Fresno Co jail releases stop as floor reopens

FRESNO, Calif.

But the reprieve is probably temporary, and some county leaders are already looking for a more permanent plug to the problem.

The sheriff's office re-opened a floor of the county jail over the weekend.

Not even ten inmates have walked out of the jail Monday afternoon, and none of them were released for overcrowding. But some police and politicians still see trouble looming in the distance.

The doors of the Fresno county jail did not swing open often on labor day, making it something of a holiday for crime concerns. After months with suspected car thieves, burglars, and drunk drivers getting out by the dozens because of overcrowding, the opening of a new floor at the north jail has plugged the leak.

But county supervisors are already looking ahead.

"We can't rest there. We have one more floor that we need to open before the end of the year," Supervisor Henry Perea said.

The immediate impact of 432 new beds in the jail is in the numbers. On August 26, the jail released 70 inmates for overcrowding. Exactly a week later, after opening the new floor, they released one. That's the fewest since October of 2011.

But the jail is still much smaller than it once was, holding almost 800 fewer inmates than it did four years ago.
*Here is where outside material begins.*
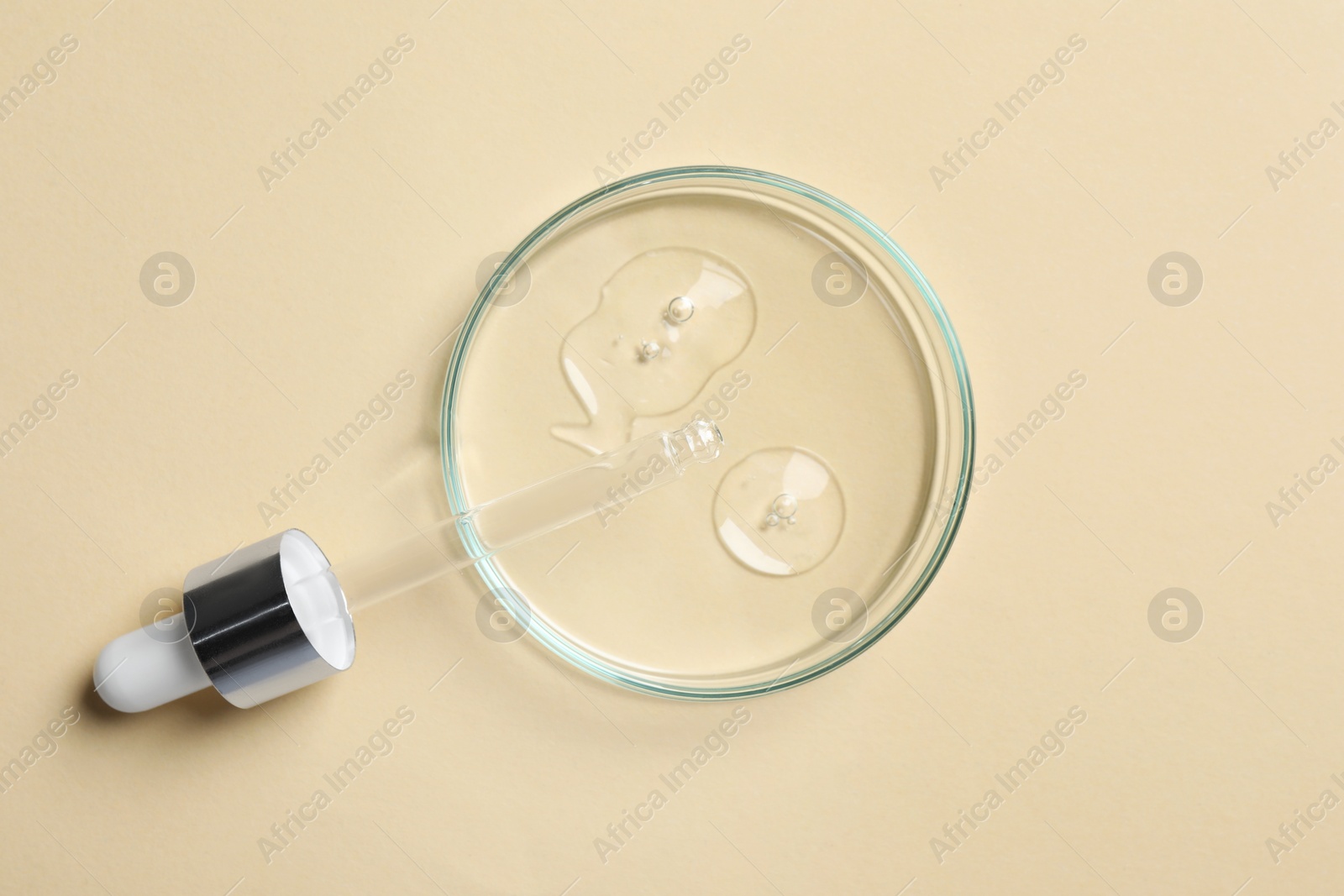 Photo of Petri dish with sample of cosmetic oil and pipette on beige background, top view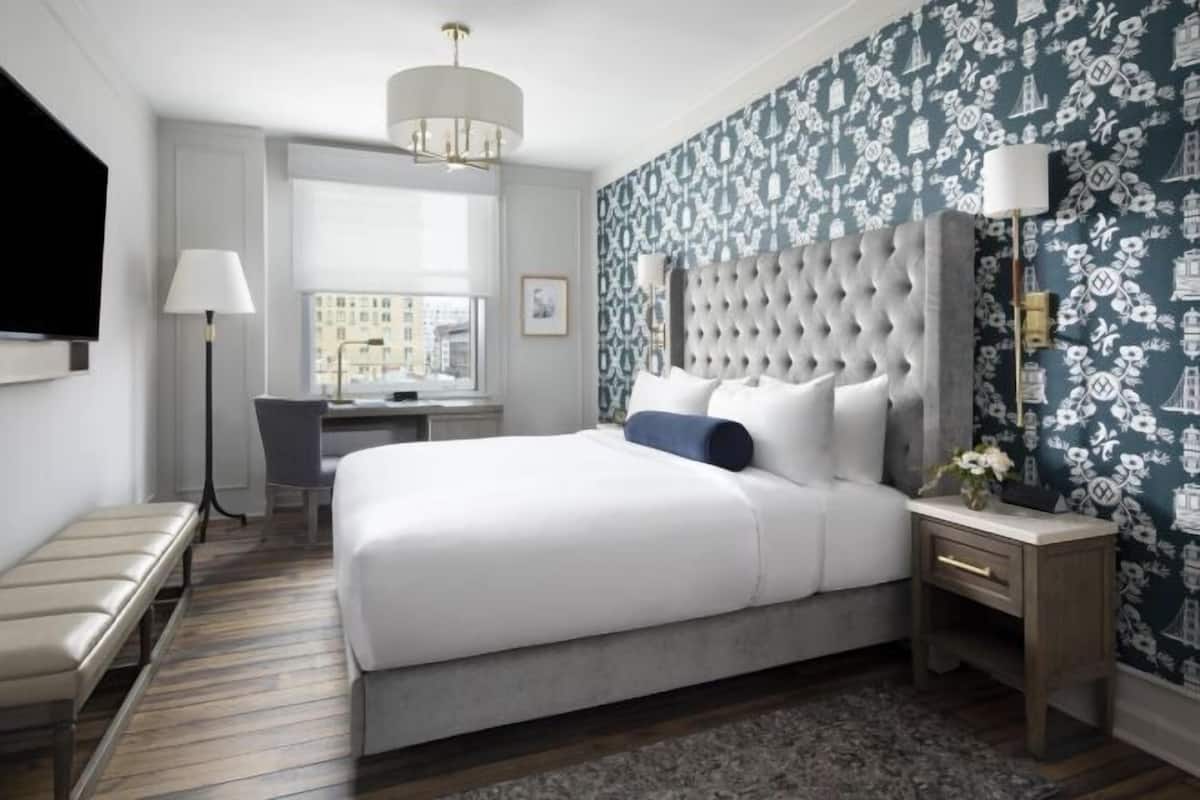 A hotel room with a large bed, a desk, a chair, a bench, a TV, and a patterned wallpaper.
Since 2008, Sheriff Margaret Mims has closed three floors, then re-opened two of them with money from the state.

The sheriff acknowledges that closing the floors wasn't ideal, but she says the negative effects may be overblown.

"In the past few years, we have had a decline in crime rates at the sheriff's office anyway both property and violent [crimes]," Sheriff Mims said.
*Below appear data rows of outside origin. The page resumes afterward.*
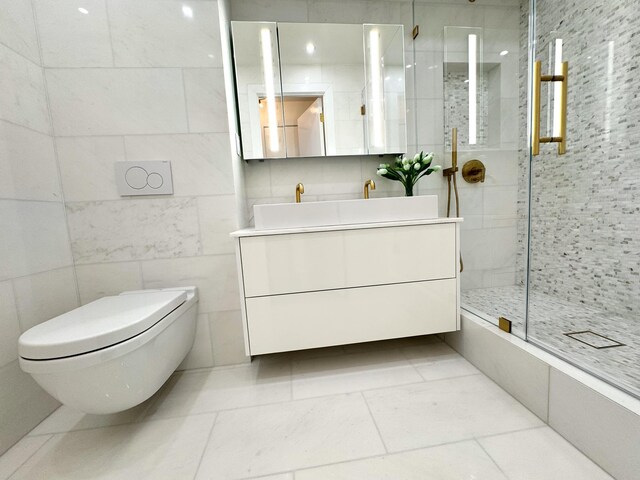 bathroom featuring a shower with door, vanity, tile walls, and toilet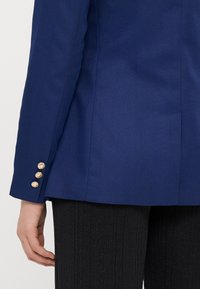 Tummansininen bleiseri, jossa on herringbone-kuviointi, ja kolmella kultaisella napilla hihassa. Yhdistetään mustiin pystysuoriin housuihin.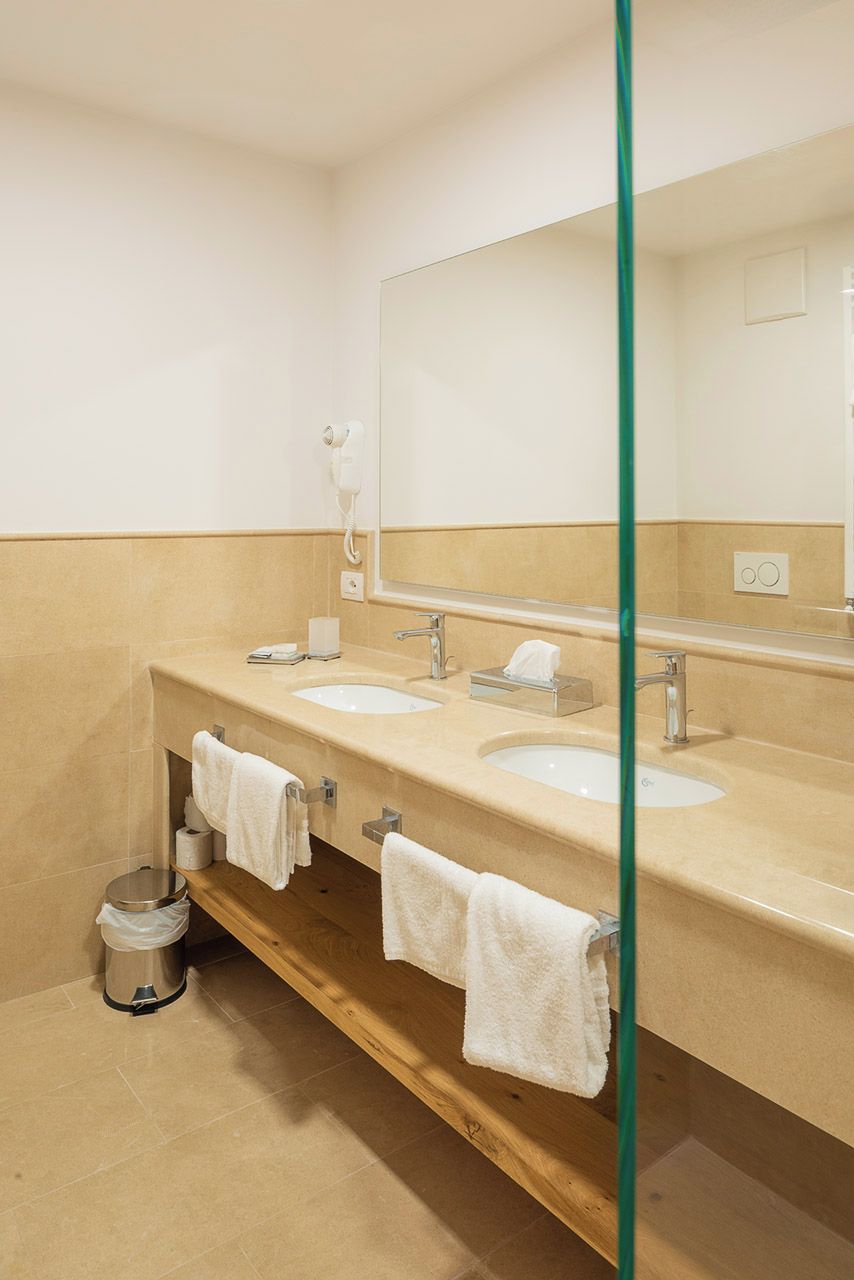 Een moderne badkamer met drie wasbakken, een grote spiegel en een glazen douchewand.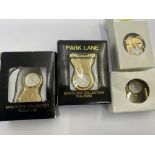 Four miniature brass clocks,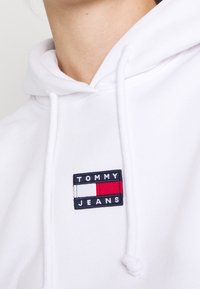 Sudadera blanca con capucha que presenta un logo de parche de tela con acentos en rojo, blanco y azul que dice "TOMMY JEANS". Textura suave con cordones.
County supervisors fought the closures, and the board recently won the right to budget directly for the jail, instead of deferring to the sheriff.
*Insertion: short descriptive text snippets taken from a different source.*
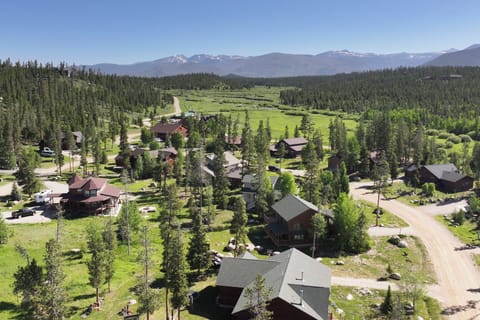 21 GCR 4435 is in a mountain resort community nestled in pristine wilderness with snow-capped peaks and lush forests creating a perfect alpine getaway setting.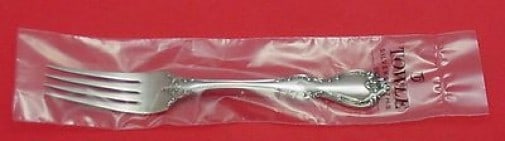 Towle Debussy Sterling Silver Regular Fork 7.5" New in Sleeve: Towle Debussy Sterling Silver Regular Fork 7.5" New in Sleeve Enhance your dining experience with this exquisite Debussy pattern regular fork by Towle. Crafted from high-quality sterling silver, this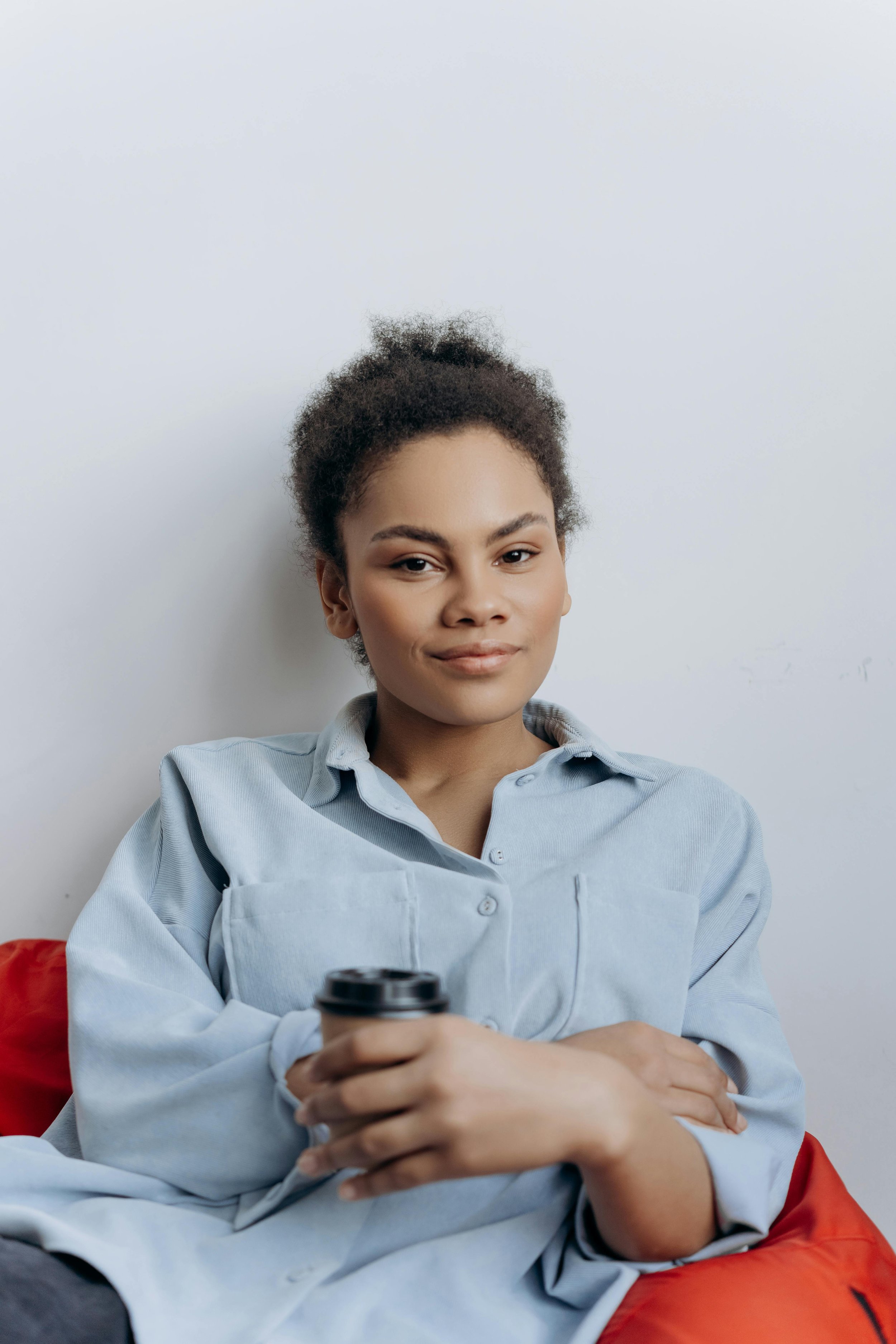 a woman holding a coffee cup and smiling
They're also looking at other options in case the jail is still overflowing after all floors are re-opened.

"I think soon the Board of Supervisors will all be looking at setting up contracts with different counties, like Madera County for example, to set up the types of agreements where when we hit capacity, should we hit that again, we can have an extra tool in the sheriff's tool box," Perea said.

Last time the sheriff reopened one of the closed floors of the jail, it took less than two weeks to fill up the floor and start releasing inmates again because of overcrowding.